Start of AVAILABLE DATA

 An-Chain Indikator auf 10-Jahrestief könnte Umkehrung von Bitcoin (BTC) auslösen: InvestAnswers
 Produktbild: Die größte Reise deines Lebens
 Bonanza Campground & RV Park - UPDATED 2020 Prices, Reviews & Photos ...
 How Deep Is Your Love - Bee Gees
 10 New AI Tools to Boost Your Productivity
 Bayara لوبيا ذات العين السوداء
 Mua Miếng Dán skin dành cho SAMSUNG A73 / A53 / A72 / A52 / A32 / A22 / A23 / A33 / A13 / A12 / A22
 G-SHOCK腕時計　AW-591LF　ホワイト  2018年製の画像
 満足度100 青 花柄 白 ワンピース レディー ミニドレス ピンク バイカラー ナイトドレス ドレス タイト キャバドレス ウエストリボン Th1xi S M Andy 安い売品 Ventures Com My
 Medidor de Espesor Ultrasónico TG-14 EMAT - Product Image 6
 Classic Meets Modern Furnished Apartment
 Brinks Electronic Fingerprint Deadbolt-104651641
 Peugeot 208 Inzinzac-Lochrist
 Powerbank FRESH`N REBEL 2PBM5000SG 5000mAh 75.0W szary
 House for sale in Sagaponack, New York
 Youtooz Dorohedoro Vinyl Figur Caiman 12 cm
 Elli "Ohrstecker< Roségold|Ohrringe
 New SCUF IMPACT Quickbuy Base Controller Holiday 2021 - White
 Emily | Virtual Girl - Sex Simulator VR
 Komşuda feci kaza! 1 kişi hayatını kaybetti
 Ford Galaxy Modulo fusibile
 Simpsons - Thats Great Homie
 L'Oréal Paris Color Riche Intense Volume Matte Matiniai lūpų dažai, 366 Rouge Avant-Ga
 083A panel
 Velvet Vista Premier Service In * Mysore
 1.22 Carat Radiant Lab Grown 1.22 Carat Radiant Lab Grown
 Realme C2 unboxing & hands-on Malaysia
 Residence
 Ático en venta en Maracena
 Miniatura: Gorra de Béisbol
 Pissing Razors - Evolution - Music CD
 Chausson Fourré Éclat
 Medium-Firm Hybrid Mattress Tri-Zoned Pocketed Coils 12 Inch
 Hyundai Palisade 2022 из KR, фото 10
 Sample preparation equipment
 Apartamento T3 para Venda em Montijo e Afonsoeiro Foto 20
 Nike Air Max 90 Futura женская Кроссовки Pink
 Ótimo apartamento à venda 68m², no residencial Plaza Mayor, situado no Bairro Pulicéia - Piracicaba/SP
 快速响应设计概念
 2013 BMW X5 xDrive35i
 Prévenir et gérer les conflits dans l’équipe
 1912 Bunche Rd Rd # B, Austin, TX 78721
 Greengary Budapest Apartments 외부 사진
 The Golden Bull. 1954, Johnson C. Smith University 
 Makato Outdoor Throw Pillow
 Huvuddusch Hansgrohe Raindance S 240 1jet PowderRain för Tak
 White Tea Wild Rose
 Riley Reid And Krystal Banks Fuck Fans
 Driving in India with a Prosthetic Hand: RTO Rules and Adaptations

End of AVAILABLE DATA

HOW TO COMPLETE THIS TASK.
Copy exactly, with no other lines, the stretch of the material that begins at the line containing "Ático en venta en Maracena" and ends at its last line.

ANSWER.
 Ático en venta en Maracena
 Miniatura: Gorra de Béisbol
 Pissing Razors - Evolution - Music CD
 Chausson Fourré Éclat
 Medium-Firm Hybrid Mattress Tri-Zoned Pocketed Coils 12 Inch
 Hyundai Palisade 2022 из KR, фото 10
 Sample preparation equipment
 Apartamento T3 para Venda em Montijo e Afonsoeiro Foto 20
 Nike Air Max 90 Futura женская Кроссовки Pink
 Ótimo apartamento à venda 68m², no residencial Plaza Mayor, situado no Bairro Pulicéia - Piracicaba/SP
 快速响应设计概念
 2013 BMW X5 xDrive35i
 Prévenir et gérer les conflits dans l’équipe
 1912 Bunche Rd Rd # B, Austin, TX 78721
 Greengary Budapest Apartments 외부 사진
 The Golden Bull. 1954, Johnson C. Smith University 
 Makato Outdoor Throw Pillow
 Huvuddusch Hansgrohe Raindance S 240 1jet PowderRain för Tak
 White Tea Wild Rose
 Riley Reid And Krystal Banks Fuck Fans
 Driving in India with a Prosthetic Hand: RTO Rules and Adaptations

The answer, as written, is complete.